Why is it called a Cookie?
This article was migrated from my college notebook.
As an undergraduate student in CS, I’ve always had this question: Why that particular thing on my browser is called a Cookie? 🍪
Until randomly, on a Network Security class, a brilliant lecturer told me a story:
Once upon a time, there was a king.
The king was so wise, so kind, so powerful. Everybody loved the king.
Most of the time, the king sat on his throne and people would line up standing, waiting to tell their problem and personal affairs so that the king may help them.
But there is one catch: the king is quite old, and he has long-term memory loss. Added with so many people he needs to meet daily, he would quickly forget people or problems he has faced yesterday and all the days before.
This condition is fine for most of the people that only bring small-sized problems. But for another people with adequately complex & big problem that spans days or weeks, this became an issue as long-term structured communication was basically impossible.
Then a person came up with smart idea: on every visit to the king, he would also bring a gift, a Cookie! 🍪
He would give the cookie to the king after bring his problem up.
Everytime he wants to meet the king, he always brings that same kind of cookie and give it to the king.
Now the king is still as forgetful as before, but not as hard as remembering hundreds of name or problems he would face every day, it is relatively easier to remember the cookie - that this exact particular person always give me a cookie after they came to see me.
The king may not remember this man’s name, but the king remember his cookies 🙂
In a real life, a server is serving hundreds of different clients, each of them having different needs.
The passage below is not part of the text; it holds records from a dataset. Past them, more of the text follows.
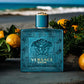 versace eros edt 1ml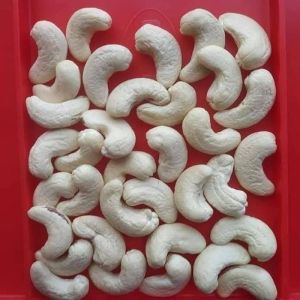 W240 Cashew Nuts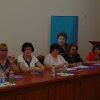 Другі соціально-педагогічні читання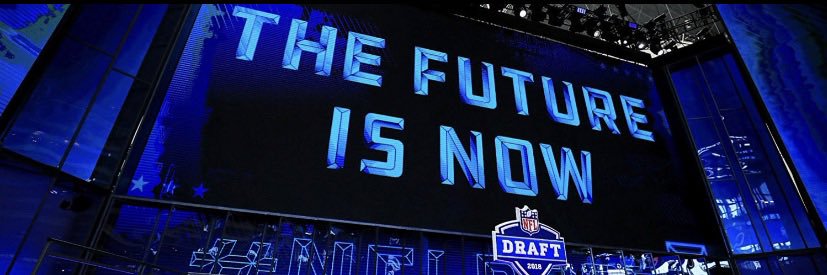 𝗛𝗮𝗸𝗲𝗲𝗺 𝗟𝗼𝘄𝗲 banner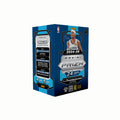 24/25 Panini PRIZM Blaster Box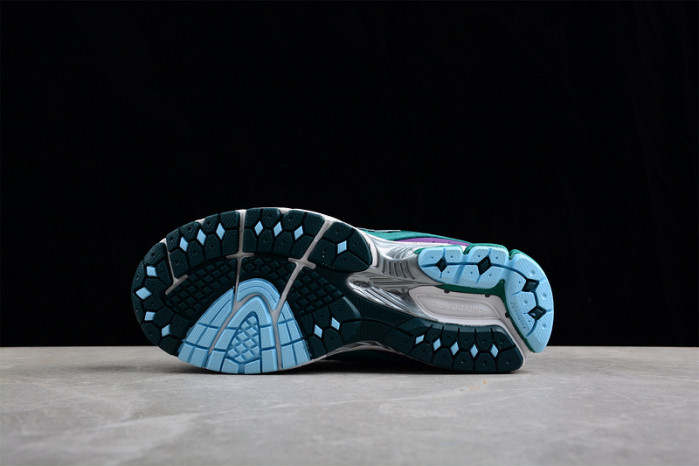 up there x new balance 2002r 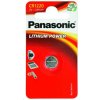 Baterie primární Panasonic CR-1220EL/1B 1ks 330092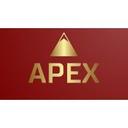 logo of Apex Us Financial Pllc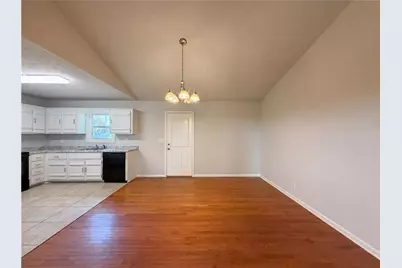 241 Daniel Road, Villa Rica, GA 30180 - Photo 10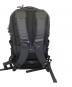 THE NORTH FACE (ザ ノース フェイス) Borealis Classic ブラック：10000円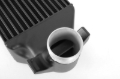 Picture of Wagner Tuning WGT Intercooler Kits-Comp - 200001090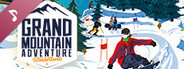 Grand Mountain Adventure Soundtrack
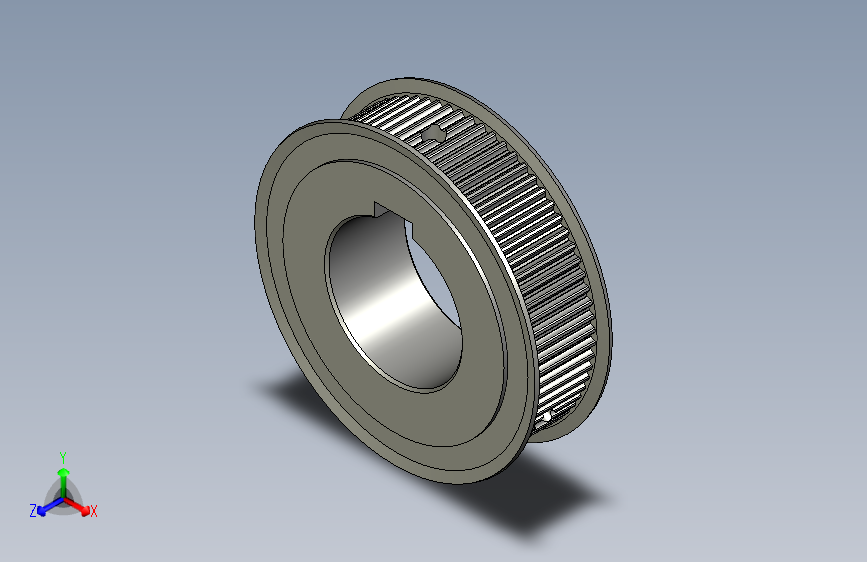 EBF42-S3M150-72-A-N-d35stp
The server would not know who is who, so at some point (let’s say, after logging in) it will generate a unique string and give it to the client. This is a cookie. The client would then save that unique string inside their browser, and provide it along the request of future web features. Due to how common this style is, it is handled automatically by majority the browsers, so plain user wouldn’t recognize when the exchange is happening.
With cookie, the server doesn’t really need to know well what’s your name or more detailed personal information of yours, but it can understand what you likely want by looking from it.